For the better part of 2 years, the beginning of 2005 through most of 2007, I was backslidden off and on.
My parents died rather close together in late 2003(stepfather) and early 2004(mother). I was reeling emotionally from this for quite some time. I was not spiritually prepared for the impact this would have on my life. I had never experienced the death of a close loved one before. To have both of them die so close together was unimaginable to me. And yet it happened. It happened to me.
Up until the time of their deaths, my spiritual life was very poor for the majority of the time. I struggled a lot with sin and an almost constant feeling of condemnation. I was backslidden a lot of the time too. I was in essence, trying to “earn” my salvation. I was building on the wrong foundations. I kept failing God over and over and over. And I thought my standing before Him in terms of salvation somehow depended upon me and what I did or didn’t do. To the point that I often felt hopeless and would think, “What’s the point of all of this?” So because of this my walk with God suffered greatly on my part. God of course is ALWAYS FAITHFUL to us. No matter what we do. And He certainly was and continues to be to me.
When my parents died, I just simply gave up on my walk with God. I was overwhelmed with emotions from the fallout of their deaths. I was very angry at God for taking them both. I was angry at my mother for being a drug addict (she died of what i believe was an accidental overdose) and never being a good mother to me. I was angry at my stepfather for having been violent at times and treating my mother and sometimes us kids so badly. I also confused about how God was merciful to my mother when she died the way she did and lived such a bad life on earth. This was part of my anger towards Him. I was hurting and I felt I had nobody to turn to. My siblings and I were not close at that time. Plus all of us were dealing with our own pain from them dying and couldn’t really help each other. I felt very alone.

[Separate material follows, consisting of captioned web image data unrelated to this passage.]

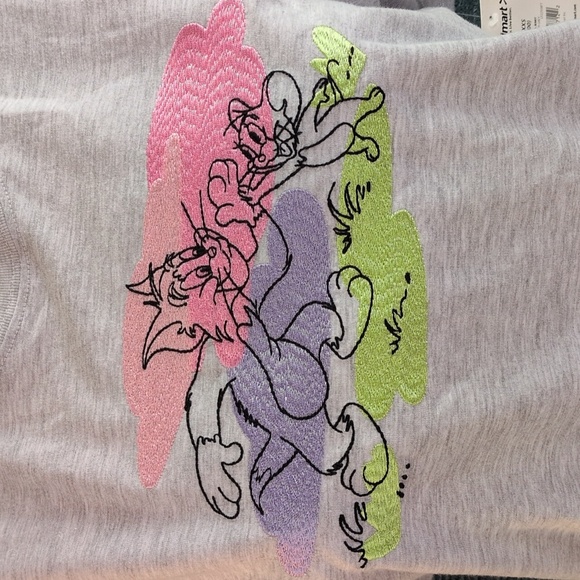 Tom And Jerry Embroidered Tee Shirt - Picture 2 of 9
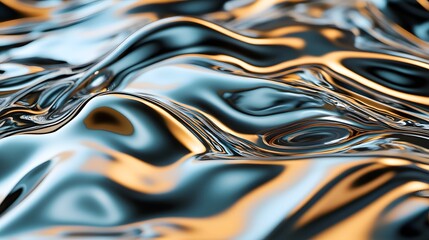 Metallic liquid surface with ripples reflecting abstract shapes and colors from its surroundings
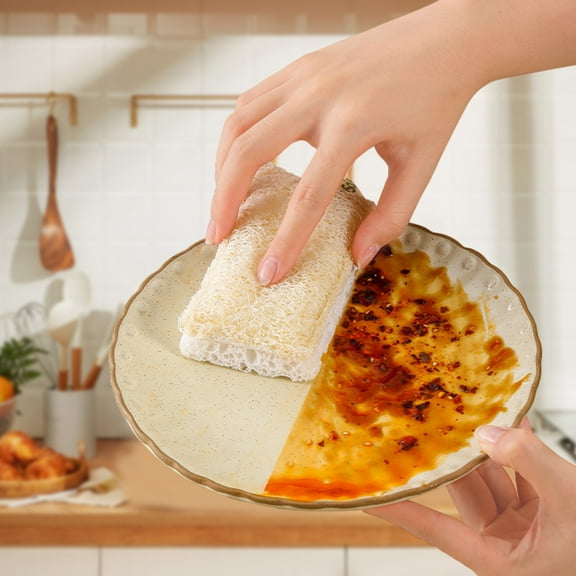 YangJinLian Loofah Scouring Pad Kitchen Scrub Pad Broom Scrubber Sponges Remover Dishwashing Sponge Sink Sponges Kitchen Sponge Holder Cleaning Sponges Bowl Scrubber Sponge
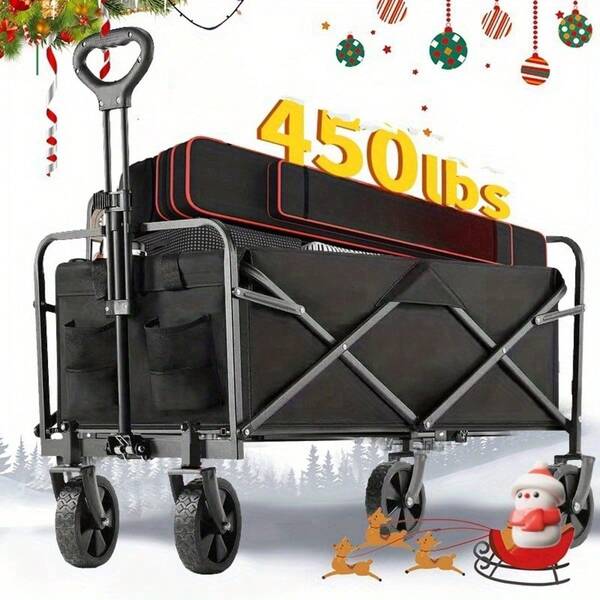 Heavy Duty Folding Garden Cart With All-Terrain Wheels, 450-Pound Capacity, Foldable Multi-Purpose Cart For Yard Work, Outdoor Gardening, And Tool Transport - Christmas Transport Supplies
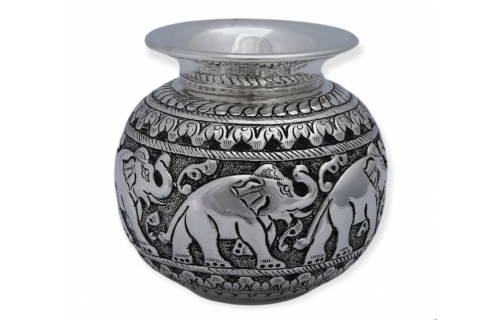 Antique Kalash with Elephant Pattern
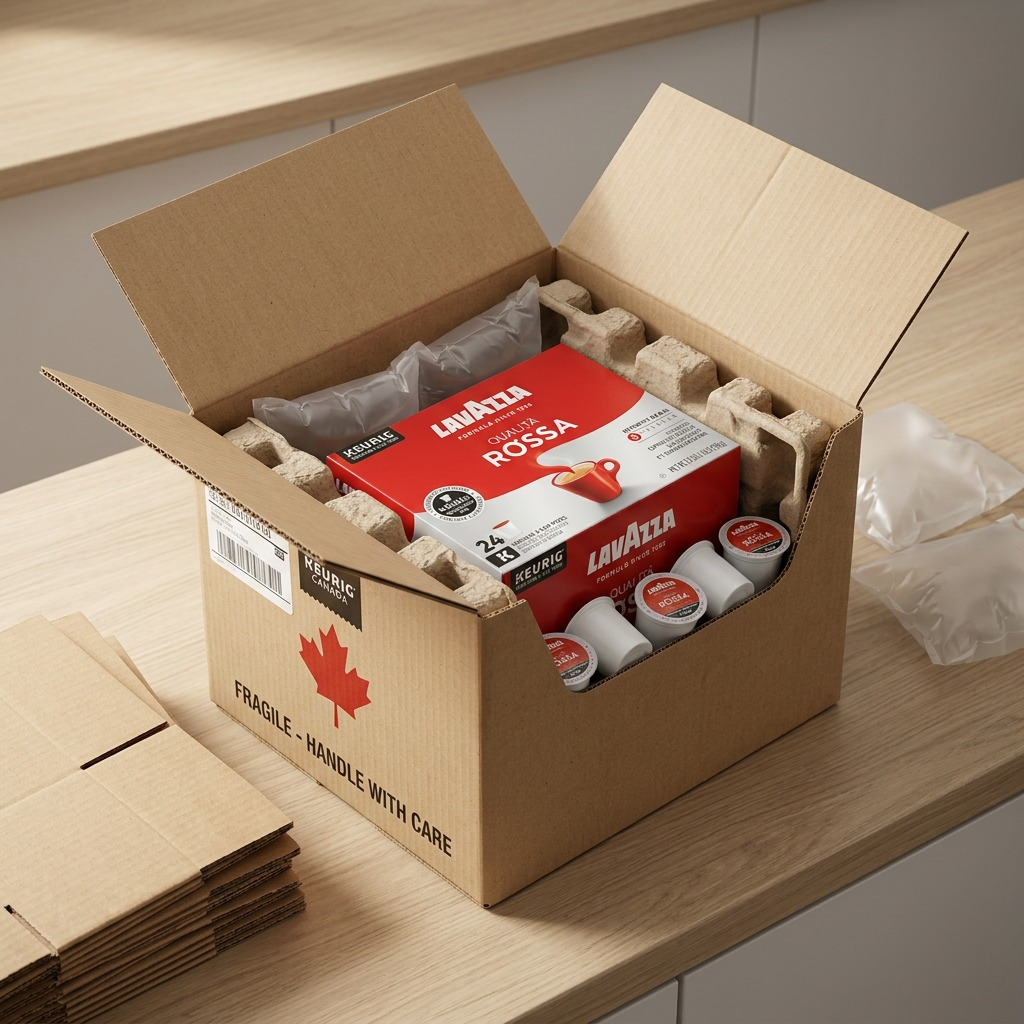 Lavazza Qualità Rossa 24-count K-Cup box securely packaged with air pillows in a Keurig Canada box.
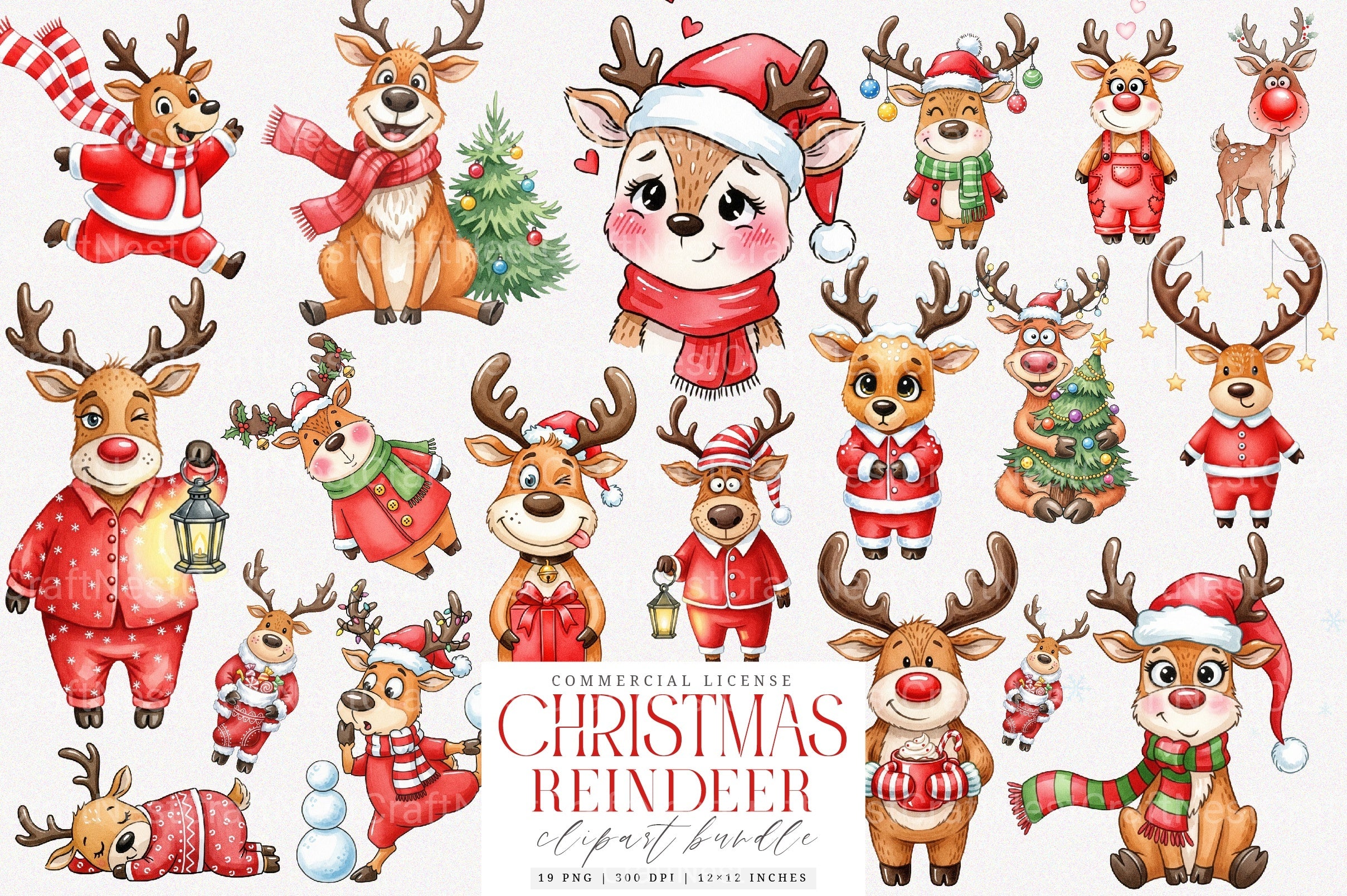 Quirky Funny Christmas Reindeer Clipart Bundle - CraftNest - Digital Crafting and Art
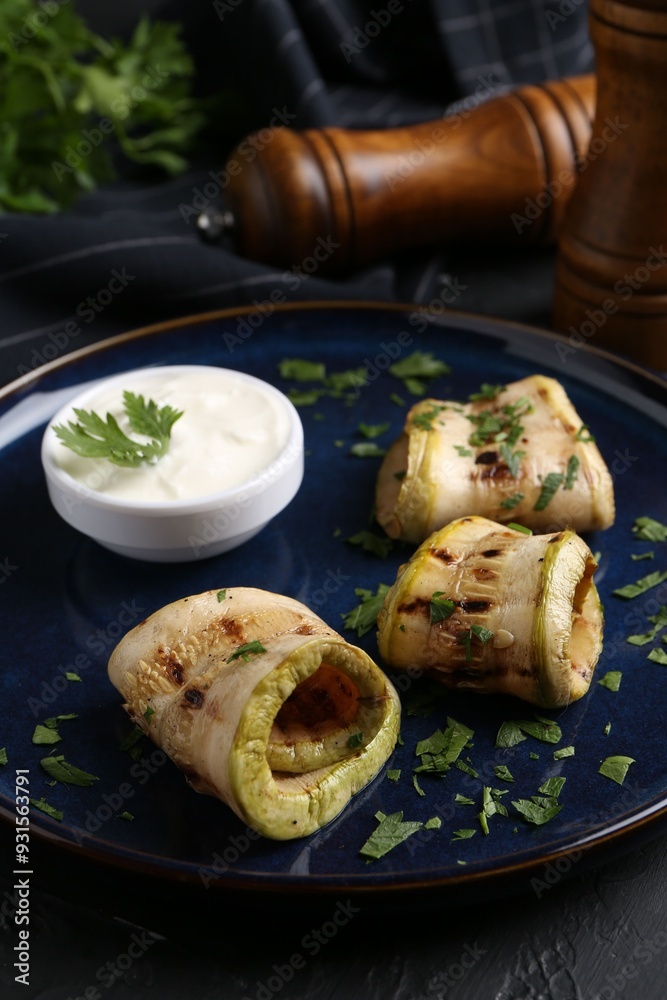 Canvas Prints tasty grilled zucchini slices served with sauce on table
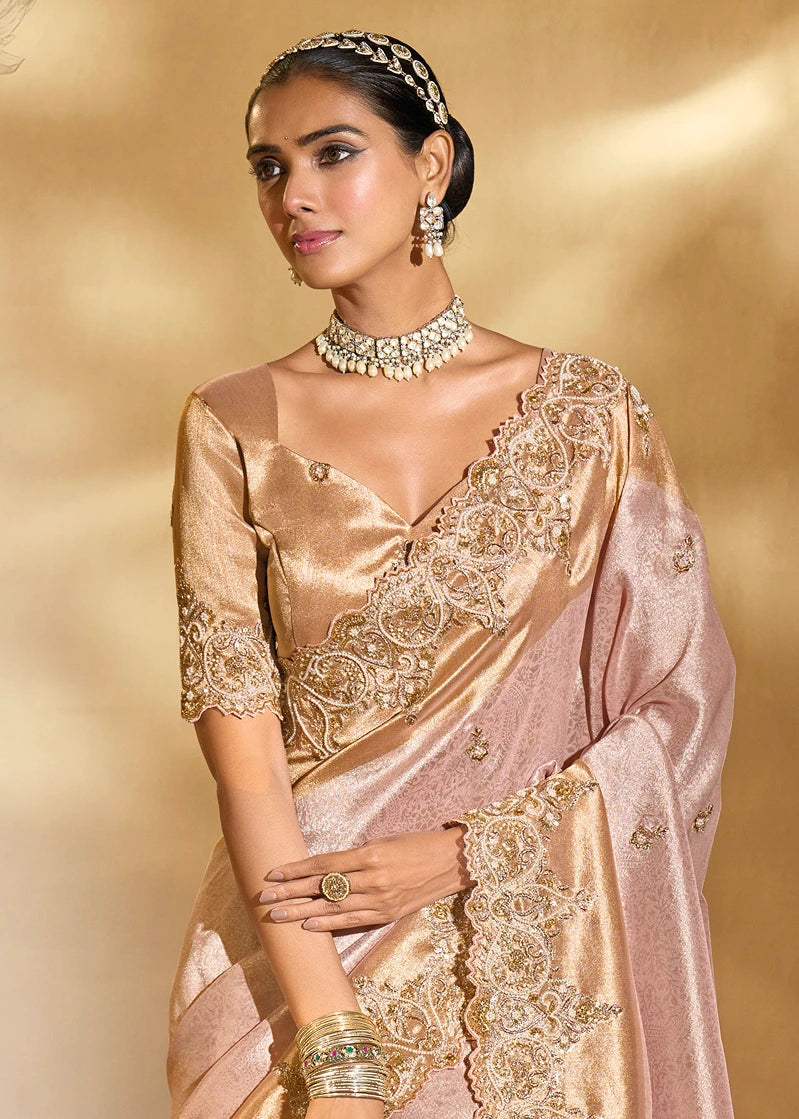 Pastel Pink & Golden Kanjivaram Silk Embroidered Bridal Saree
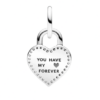 Charm Colgante Doble Corazón Candado 2 Tonos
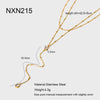 Wholesale Geometric Zircon Yshaped Stainless Steel Doublelayer 18K Gold Plated Necklace For Women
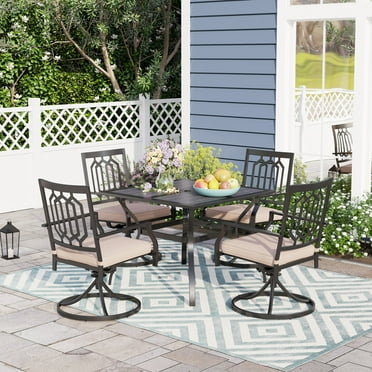 Sophia & William 5Pcs Outdoor Patio Metal Dining Set Swivel Chairs and Mesh Square Table Set for 4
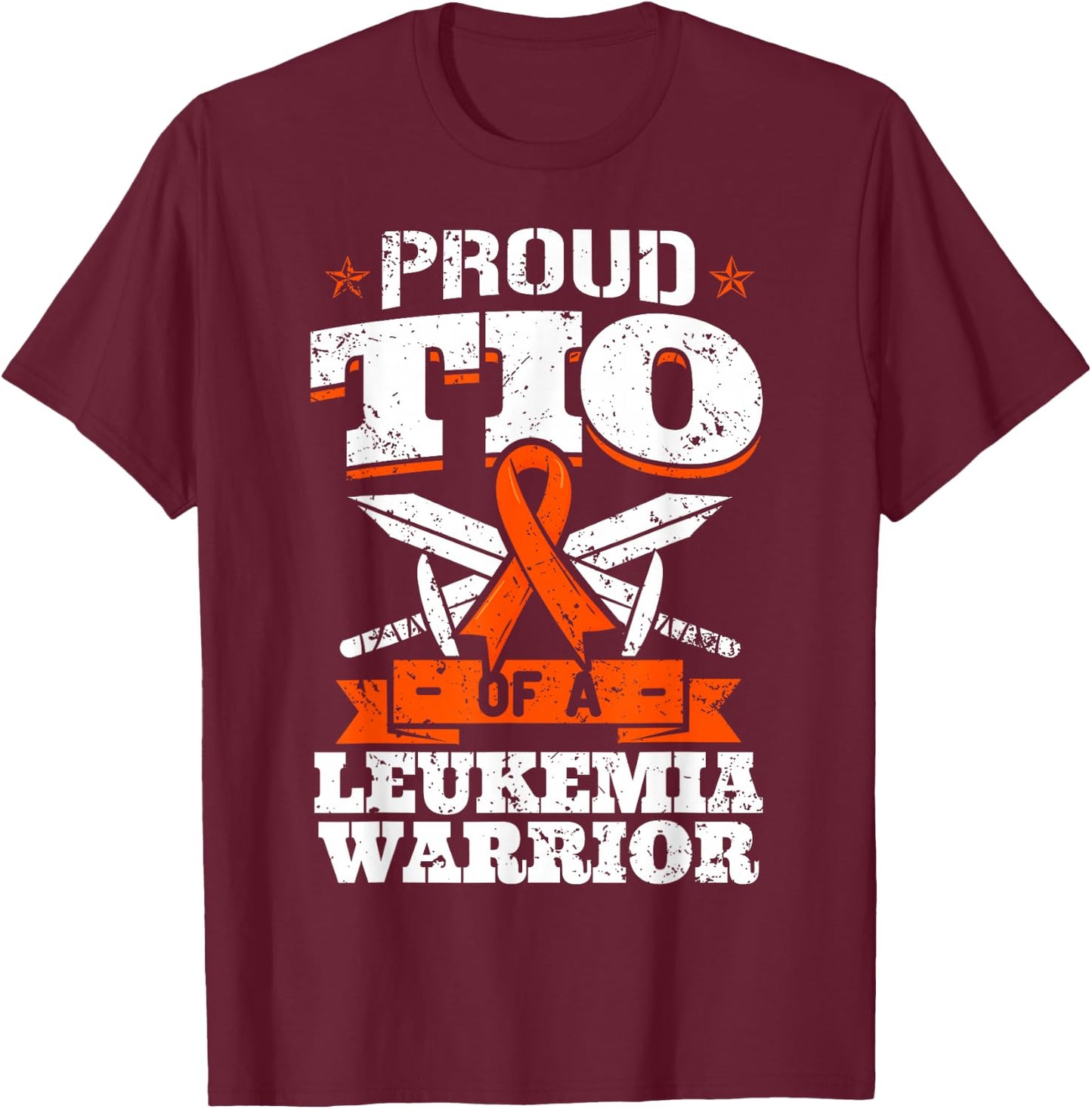 Proud Tio Of A Leukemia Warrior Uncle Awareness Blood Cancer T-Shirt - T-Shirt | Maroon
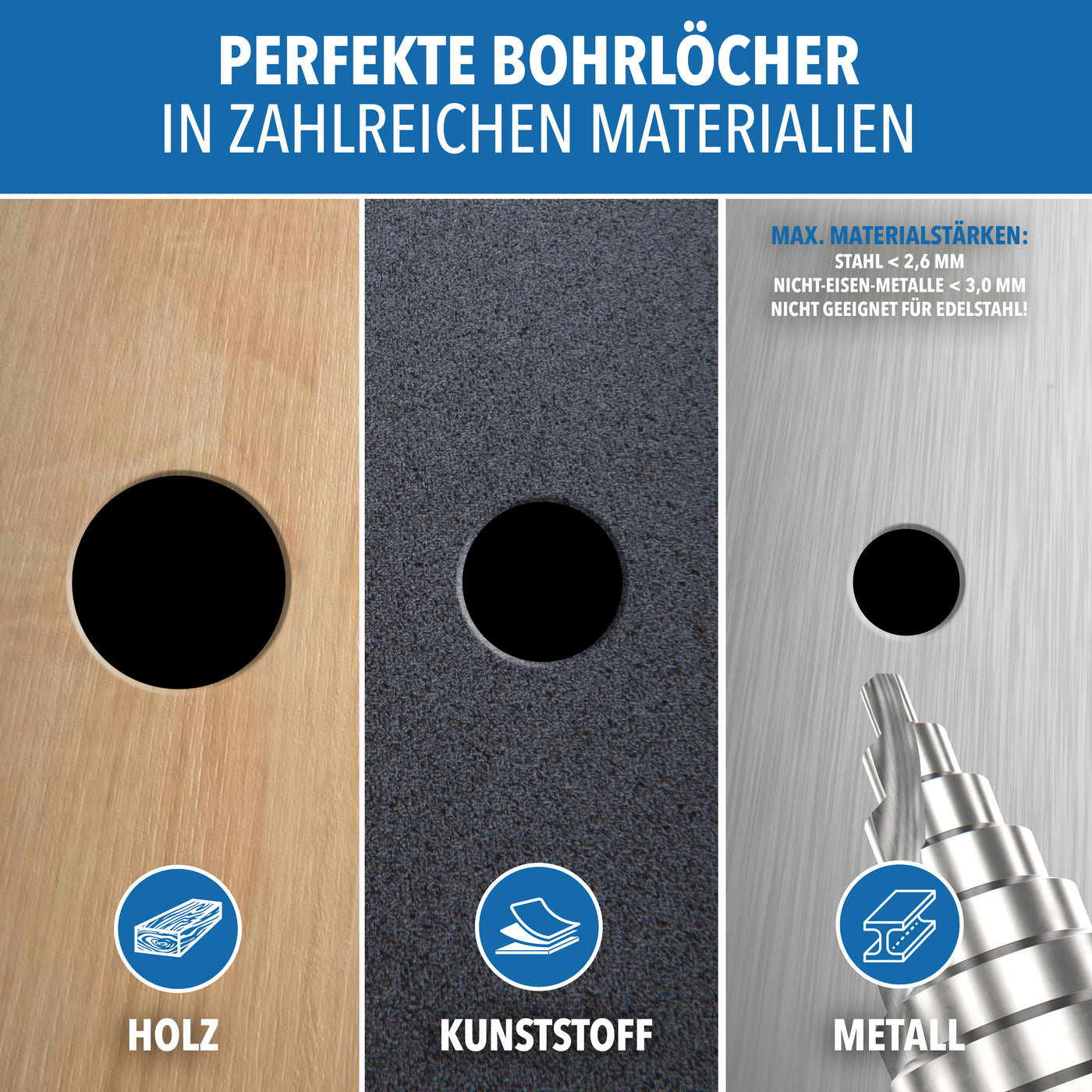 Stabiler 12-mm-Rundschaft des Stufenbohrers für ruhigen Lauf – STONE REEF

Looking back on it now I do realize how foolish this all was. This was the one time in my life I should have really turned to God and I didn’t. Instead I went into the world and into sin. I was trying to bury my pain and forget it and because I was angry at God I wanted nothing to do with Him.
Last November, God called me back to Himself and that time I listened by His grace alone. I was tired. I was tired of myself and the emptiness I felt inside. I was sick of sin and the self hatred that had resulted from being in the world and in sin all the time. I knew my pain was still there. But I no longer cared. I wanted to be free from sin again.
I was living “in sin” with a man for the majority of this time of backsliding. That night in early November 2007 I told him everything. How I was feeling at that moment, about my sin and backsliding, and about my life with God before my parents died. I was prepared to leave him if I needed to so I could start over with God. (Please understand that during this time my mind and emotions were still a big mess. It has taken many months for me to heal and I am still in the process of healing.) I asked him if he wanted to follow God. He said “yes” much to my surprise. As a result of that and many other conversations, we decided to get married and did so on December 14, 2007.
(The BAD) Now I know what you must be thinking. And of course you are right; this man wasn’t God’s perfect will for me as a mate. I am now very well aware of that fact. But at that time I was extremely vulnerable and confused. Not to say he coerced me into anything. I made the choice to marry him and I did it without praying about it. We did rush into it. My mind was not clear. I call it “sin sickness”. Having been backslidden for so long I thought this was the only way to start to make things right with God. We discussed the fact that we were forcing God’s Hand. Looking back it might have been wiser to leave him. But now I can’t imagine being without him or being married to anyone else. I truly love him and I truly believe that love comes from God.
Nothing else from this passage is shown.